Zapłacisz mi za to Teresy Driscoll to thriller psychologiczny z motywem zemsty. Nie ma co tego ukrywać, bo już sam tytuł zdradza powód wydarzeń. Ale wcale nie ułatwia to rozwiązania zagadki... Autorka sporo tu namieszała (w pozytywnym znaczeniu oczywiście!).
W życiu Alice zdarzają się drobne dziwne rzeczy. W przedpokoju przestaje działać żarówka, a za wycieraczką samochodu ulubione kwiaty swojej mamy. Kobieta macha na nie ręką, aż do pewnej środy, kiedy w pracy odbiera niepokojący telefon. Zniekształcony głos grozi jej śmiercią. Czy kobiecie grozi jakieś niebezpieczeństwo?

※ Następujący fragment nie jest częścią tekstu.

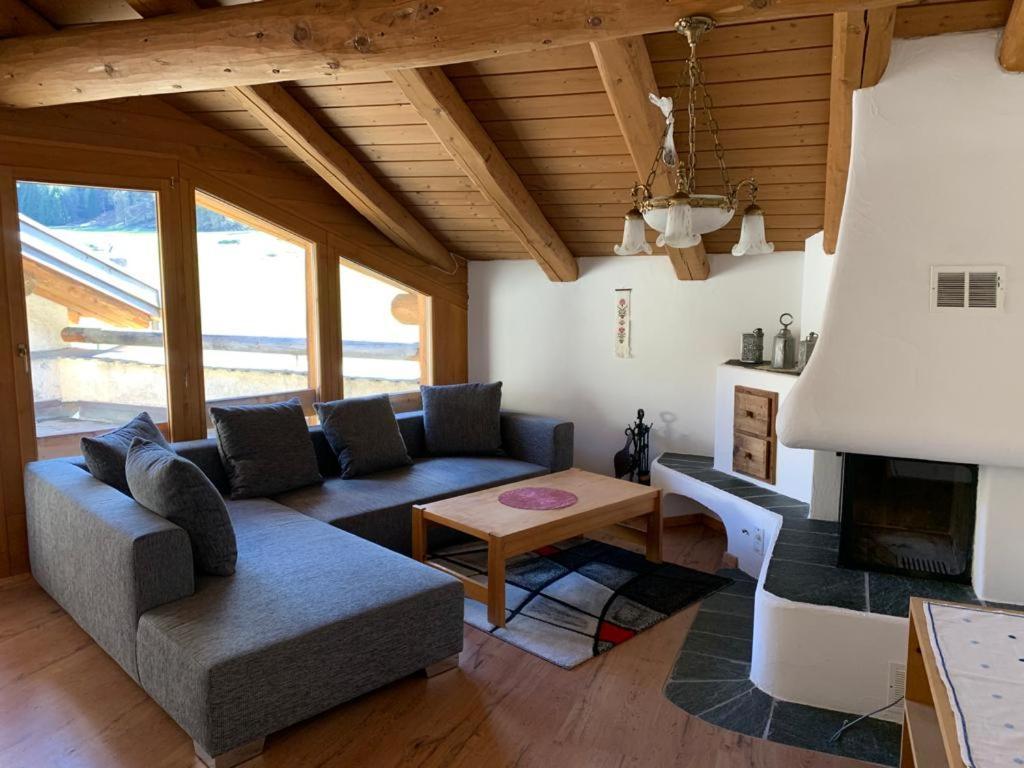 Ferienwohnung Jalet Tschierv Екстериор снимка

Zapłacisz mi za to nie przekonało mnie od pierwszej strony. Coś zazgrzytało mi w języku narracji i zajęło mi to kilka rozdziałów, żeby przestać zwracać na to uwagę. Ale to była w zasadzie jedyna znacząca wada, na którą zwróciłam uwagę. Odebrała mi po prostu trochę przyjemności z samej lektury. Ale cieszę się, że jej nie odłożyłam.
Teresa Driscoll stworzyła bardzo prostą historię zemsty, ale opakowała ją w taki sposób, że nie sposób było domyślić się rozwiązania. A taką formę zagadki lubię najbardziej! Mimo podsyłanych wskazówek nie udało mi się rozszyfrować dokładnego powodu nękania głównej bohaterki.
Autorka zbudowała napięcie, ale odebrałam je jako umiarkowane. Nie miałam ciarek podczas czytania. Być może dlatego, że w książce pojawiły się trzy perspektywy, które się przeplatały i zdejmowały napięcie z pozostałych. Była tu perspektywa Alice, nękanej dziennikarki, perspektywa Matthew - detektywa zaangażowanego w ochronę Alice, oraz perspektywa sprawcy z czasów, kiedy był jeszcze małym chłopcem.
Autorka zastosowała motyw wspomnień sprawcy, co pozwoliło lepiej zrozumieć jego postępowanie bez zdradzania zbyt wcześnie jego tożsamości. Wyklarowało to, dlaczego sprawca stał się prześladowcą i jakie wydarzenia w jego życiu to zapoczątkowały.
Książkę kończyłam ze szczęką na podłodze. Takiego obrotu sytuacji się nie spodziewałam!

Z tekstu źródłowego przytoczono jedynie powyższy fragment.